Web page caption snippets
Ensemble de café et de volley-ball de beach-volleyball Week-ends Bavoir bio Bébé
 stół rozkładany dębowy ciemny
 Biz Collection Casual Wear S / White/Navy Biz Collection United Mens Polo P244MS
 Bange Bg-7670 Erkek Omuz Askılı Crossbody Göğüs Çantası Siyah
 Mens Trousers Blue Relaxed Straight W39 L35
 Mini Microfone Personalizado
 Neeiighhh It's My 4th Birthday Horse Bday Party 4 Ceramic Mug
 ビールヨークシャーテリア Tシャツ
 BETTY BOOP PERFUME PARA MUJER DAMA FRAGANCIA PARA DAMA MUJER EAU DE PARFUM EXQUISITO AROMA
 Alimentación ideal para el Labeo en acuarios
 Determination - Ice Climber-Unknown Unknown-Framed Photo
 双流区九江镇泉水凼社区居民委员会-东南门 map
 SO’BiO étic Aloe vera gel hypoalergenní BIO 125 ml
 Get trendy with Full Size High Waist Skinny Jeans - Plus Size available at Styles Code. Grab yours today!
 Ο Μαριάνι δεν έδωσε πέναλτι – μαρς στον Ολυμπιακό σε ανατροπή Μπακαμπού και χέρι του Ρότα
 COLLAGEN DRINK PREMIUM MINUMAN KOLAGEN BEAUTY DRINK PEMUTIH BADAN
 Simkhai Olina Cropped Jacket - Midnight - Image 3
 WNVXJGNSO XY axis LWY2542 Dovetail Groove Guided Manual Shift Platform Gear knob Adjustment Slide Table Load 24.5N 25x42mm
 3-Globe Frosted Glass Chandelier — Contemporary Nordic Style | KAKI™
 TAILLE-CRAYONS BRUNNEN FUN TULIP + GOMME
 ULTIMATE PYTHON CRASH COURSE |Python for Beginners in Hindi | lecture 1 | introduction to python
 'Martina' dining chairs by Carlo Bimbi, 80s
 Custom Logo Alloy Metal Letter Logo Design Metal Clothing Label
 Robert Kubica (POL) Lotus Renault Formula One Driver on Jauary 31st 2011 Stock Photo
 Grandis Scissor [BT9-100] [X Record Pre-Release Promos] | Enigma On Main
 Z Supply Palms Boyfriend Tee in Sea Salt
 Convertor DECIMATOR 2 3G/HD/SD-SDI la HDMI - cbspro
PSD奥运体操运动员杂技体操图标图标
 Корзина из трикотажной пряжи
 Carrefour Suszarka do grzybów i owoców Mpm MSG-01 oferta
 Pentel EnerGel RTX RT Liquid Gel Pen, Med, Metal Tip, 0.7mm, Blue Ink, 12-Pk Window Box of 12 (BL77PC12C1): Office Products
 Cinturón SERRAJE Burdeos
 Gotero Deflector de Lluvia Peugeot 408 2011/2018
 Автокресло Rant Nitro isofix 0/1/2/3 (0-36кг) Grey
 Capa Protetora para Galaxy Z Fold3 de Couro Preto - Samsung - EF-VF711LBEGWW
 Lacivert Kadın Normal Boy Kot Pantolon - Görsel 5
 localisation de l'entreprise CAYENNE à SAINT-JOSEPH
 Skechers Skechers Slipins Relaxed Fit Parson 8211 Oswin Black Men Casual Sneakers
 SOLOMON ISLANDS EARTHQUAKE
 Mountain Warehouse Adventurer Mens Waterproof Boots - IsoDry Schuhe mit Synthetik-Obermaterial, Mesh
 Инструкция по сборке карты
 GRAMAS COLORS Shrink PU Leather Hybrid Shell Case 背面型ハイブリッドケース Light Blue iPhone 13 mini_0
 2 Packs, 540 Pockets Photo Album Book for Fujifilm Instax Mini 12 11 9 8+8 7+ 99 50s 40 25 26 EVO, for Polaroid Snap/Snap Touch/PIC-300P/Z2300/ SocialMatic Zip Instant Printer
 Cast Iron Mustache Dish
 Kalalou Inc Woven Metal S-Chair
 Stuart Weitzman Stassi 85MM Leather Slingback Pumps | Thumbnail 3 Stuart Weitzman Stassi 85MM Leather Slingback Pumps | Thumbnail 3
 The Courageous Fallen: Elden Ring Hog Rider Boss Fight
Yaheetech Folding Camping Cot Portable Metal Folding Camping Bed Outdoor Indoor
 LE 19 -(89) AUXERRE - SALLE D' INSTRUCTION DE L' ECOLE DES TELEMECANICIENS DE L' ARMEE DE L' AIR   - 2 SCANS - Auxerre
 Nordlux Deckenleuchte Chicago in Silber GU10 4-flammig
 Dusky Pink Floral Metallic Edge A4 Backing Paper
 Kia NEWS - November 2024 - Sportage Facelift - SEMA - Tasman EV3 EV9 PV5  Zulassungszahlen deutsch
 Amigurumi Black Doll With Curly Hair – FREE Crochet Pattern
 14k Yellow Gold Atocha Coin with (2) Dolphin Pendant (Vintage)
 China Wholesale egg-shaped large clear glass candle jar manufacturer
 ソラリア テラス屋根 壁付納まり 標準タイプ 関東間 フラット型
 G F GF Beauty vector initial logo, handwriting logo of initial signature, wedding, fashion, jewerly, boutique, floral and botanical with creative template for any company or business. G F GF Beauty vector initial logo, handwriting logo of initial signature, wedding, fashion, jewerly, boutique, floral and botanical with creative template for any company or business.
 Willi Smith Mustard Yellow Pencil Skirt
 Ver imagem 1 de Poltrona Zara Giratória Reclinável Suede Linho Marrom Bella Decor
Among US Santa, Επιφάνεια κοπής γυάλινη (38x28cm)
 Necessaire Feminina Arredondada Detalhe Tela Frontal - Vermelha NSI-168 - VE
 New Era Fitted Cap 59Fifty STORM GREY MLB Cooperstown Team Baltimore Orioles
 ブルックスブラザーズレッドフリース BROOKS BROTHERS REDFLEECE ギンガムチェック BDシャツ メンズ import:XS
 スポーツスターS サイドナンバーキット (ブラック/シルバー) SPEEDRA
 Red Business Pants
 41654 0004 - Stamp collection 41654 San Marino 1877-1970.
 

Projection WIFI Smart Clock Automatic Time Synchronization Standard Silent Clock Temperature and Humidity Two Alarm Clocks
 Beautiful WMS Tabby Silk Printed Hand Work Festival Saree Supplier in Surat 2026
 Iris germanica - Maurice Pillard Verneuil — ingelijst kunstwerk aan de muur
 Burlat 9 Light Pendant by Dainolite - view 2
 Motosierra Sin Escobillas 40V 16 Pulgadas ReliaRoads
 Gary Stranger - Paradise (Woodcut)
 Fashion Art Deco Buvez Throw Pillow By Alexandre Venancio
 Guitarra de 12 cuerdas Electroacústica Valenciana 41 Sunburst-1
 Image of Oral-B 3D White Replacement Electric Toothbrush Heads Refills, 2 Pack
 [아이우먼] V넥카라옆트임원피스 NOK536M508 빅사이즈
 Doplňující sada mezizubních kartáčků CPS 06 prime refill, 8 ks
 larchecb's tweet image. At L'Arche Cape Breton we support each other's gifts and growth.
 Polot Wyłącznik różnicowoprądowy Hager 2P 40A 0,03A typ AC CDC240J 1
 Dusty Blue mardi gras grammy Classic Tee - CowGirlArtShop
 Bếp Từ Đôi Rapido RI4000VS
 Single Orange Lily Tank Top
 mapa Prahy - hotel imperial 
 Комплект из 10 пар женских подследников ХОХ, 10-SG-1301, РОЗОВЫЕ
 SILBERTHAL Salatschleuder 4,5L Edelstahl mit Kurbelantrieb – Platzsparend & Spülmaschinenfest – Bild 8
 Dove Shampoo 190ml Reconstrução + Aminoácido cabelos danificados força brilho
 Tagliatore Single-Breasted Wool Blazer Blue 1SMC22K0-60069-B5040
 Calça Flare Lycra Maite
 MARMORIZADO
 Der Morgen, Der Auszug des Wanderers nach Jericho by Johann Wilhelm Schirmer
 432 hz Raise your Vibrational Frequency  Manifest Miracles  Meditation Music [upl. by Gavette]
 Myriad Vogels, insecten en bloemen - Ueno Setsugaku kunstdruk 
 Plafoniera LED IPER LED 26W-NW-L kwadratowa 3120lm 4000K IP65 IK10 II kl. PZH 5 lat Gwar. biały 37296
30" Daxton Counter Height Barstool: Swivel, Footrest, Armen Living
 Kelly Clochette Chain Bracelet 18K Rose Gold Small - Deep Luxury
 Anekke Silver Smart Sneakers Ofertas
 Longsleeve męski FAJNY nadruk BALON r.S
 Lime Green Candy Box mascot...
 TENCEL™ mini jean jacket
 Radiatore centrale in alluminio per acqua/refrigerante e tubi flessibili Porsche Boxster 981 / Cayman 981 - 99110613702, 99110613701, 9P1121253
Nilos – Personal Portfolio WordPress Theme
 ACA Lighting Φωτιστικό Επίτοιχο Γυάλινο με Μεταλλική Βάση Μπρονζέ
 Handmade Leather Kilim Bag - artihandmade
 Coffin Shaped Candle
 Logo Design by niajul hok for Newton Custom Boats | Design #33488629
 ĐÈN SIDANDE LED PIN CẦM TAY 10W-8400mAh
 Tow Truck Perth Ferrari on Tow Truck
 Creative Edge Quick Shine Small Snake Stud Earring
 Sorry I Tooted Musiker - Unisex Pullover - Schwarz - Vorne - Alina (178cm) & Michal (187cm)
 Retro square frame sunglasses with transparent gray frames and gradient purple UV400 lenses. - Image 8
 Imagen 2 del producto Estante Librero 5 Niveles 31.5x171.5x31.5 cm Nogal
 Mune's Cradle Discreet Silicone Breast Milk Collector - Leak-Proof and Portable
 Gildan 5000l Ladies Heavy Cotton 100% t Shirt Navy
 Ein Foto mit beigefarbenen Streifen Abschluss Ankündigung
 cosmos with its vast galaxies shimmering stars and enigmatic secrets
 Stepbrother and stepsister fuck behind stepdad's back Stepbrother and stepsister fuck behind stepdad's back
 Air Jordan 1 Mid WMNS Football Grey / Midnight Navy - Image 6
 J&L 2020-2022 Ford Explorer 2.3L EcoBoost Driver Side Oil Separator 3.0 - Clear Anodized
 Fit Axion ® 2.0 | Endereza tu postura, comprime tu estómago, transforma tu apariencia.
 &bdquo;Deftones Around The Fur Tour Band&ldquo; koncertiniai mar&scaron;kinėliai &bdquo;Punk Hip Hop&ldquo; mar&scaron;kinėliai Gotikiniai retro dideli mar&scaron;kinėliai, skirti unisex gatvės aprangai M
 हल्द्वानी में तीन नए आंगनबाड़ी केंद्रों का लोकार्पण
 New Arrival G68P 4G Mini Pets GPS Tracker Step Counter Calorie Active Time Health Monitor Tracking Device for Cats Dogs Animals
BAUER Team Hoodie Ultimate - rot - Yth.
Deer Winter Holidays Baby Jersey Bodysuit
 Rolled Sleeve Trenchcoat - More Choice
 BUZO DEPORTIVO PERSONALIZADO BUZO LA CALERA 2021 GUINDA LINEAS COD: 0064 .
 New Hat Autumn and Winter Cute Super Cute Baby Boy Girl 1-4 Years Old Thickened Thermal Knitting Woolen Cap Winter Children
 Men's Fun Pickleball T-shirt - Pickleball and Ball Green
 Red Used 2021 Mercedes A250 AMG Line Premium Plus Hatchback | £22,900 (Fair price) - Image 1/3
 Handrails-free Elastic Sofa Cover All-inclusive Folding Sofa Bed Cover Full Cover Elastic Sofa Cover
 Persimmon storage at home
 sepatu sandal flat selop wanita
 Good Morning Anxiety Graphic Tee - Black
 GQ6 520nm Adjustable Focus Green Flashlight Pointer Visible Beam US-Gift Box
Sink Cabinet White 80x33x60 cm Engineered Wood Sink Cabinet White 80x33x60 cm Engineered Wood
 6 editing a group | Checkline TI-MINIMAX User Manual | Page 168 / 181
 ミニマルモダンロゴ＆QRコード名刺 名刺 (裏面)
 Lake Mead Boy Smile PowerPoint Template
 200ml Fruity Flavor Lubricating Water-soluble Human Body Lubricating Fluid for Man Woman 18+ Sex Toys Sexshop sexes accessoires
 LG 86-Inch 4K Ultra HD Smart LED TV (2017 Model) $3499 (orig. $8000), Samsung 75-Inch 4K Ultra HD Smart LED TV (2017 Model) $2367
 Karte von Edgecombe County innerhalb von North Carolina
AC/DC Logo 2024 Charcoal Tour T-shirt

* _Task to carry out_:
The entries above hold the needed span. Transcribe exactly the lines from the one with "Kia NEWS - November" to the one with "ソラリア テラス屋根 壁付納まり 標準タイプ 関東間 フラット型", both included.

* _Result_:
 Kia NEWS - November 2024 - Sportage Facelift - SEMA - Tasman EV3 EV9 PV5  Zulassungszahlen deutsch
 Amigurumi Black Doll With Curly Hair – FREE Crochet Pattern
 14k Yellow Gold Atocha Coin with (2) Dolphin Pendant (Vintage)
 China Wholesale egg-shaped large clear glass candle jar manufacturer
 ソラリア テラス屋根 壁付納まり 標準タイプ 関東間 フラット型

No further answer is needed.